Section 9.1 is not concerned with offer, acceptance and cost consequences, but rather with the right of rescission within a cooling-off period once an agreement between the insurer and a claimant has been reached for benefits (SABs). [page639] Its purpose is to provide a claimant with adequate information prior to the commencement of an action in order to avoid a quick and uninformed decision as to the benefits the claimant is entitled to receive from the insurer. Once an action is commenced, any such relevant information would be available in the course of litigation, something an insured would not otherwise be entitled to receive but for the requirements of s. 9.1.
In my view, s. 279 [of the Insurance Act] and hence s. 9.1 of the regulations have no application once the parties are in litigation.
(Emphasis in original)
[8] The respondent submits that Igbokwe is limited to Rule 49 [of the Rules of Civil Procedure, R.R.O. 1990, Reg. 194] offers. I would reject that submission. In my view, it is clear from the passages quoted above that if litigation has been commenced, s. 9.1 of the regulation has no further effect.
[9] The decision in Igbokwe is directly applicable to this case. The respondent's claim was settled after litigation had been commenced. The settlement was not reached as a result of the dispute resolution procedures mandated by the regulation, but was reached at a privately arranged mediation initiated by the parties themselves after the commencement of the action. It follows that s. 9.1 of the regulation does not apply and that the appeal should be allowed.

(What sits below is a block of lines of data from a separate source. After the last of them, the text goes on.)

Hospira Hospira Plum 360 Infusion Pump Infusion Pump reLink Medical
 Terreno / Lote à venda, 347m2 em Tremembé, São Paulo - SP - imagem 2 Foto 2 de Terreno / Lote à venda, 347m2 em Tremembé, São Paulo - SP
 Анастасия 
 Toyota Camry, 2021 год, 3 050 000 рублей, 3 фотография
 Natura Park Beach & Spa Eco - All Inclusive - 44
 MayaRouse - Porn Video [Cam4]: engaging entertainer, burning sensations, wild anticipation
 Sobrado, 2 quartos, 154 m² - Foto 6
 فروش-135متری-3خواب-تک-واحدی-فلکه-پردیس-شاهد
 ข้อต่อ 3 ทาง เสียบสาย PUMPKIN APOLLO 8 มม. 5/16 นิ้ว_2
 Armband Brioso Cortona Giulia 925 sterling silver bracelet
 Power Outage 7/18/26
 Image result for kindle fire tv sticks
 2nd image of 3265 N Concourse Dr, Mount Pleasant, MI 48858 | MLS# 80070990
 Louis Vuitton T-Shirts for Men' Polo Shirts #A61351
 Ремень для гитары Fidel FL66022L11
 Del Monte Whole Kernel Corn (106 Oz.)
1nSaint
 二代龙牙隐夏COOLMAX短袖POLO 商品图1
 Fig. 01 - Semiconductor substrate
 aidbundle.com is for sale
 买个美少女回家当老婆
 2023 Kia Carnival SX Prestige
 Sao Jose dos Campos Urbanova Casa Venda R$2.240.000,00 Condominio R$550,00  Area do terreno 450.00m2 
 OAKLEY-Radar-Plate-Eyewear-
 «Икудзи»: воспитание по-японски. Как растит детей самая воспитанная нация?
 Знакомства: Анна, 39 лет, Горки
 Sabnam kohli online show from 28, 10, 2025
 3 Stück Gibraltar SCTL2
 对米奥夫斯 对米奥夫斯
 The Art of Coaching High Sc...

[10] In fairness to the motions court judge, it should be noted that the decision in Igbokwe was not released until after the date of his endorsement and that the issue in Igbokwe was not raised in argument before him.
[11] Although the decision in Igbokwe is dispositive of this appeal, I propose to deal briefly with the appellant's principal ground of appeal: that supplementary medical and rehabilitation benefits are lump sum benefits under the Statutory Accident Benefits Schedule and therefore are not subject to s. 9.1(2)5 of the regulation. The appellant urges us to adopt a definition of "lump sum benefits" that includes benefits that the insured person receives on a periodic basis without having to re-establish entitlement for every payment. The appellant submits that we should classify supplementary medical and rehabilitation benefits as a series of lump sum payments since the insured is required to submit a claim for expenses for every item and to demonstrate an entitlement for every claim. See King v. Wawanesa Mutual Insurance Co., F.S.C.O. A96-000601 (Arbitrator Vanderbent) at p. 18.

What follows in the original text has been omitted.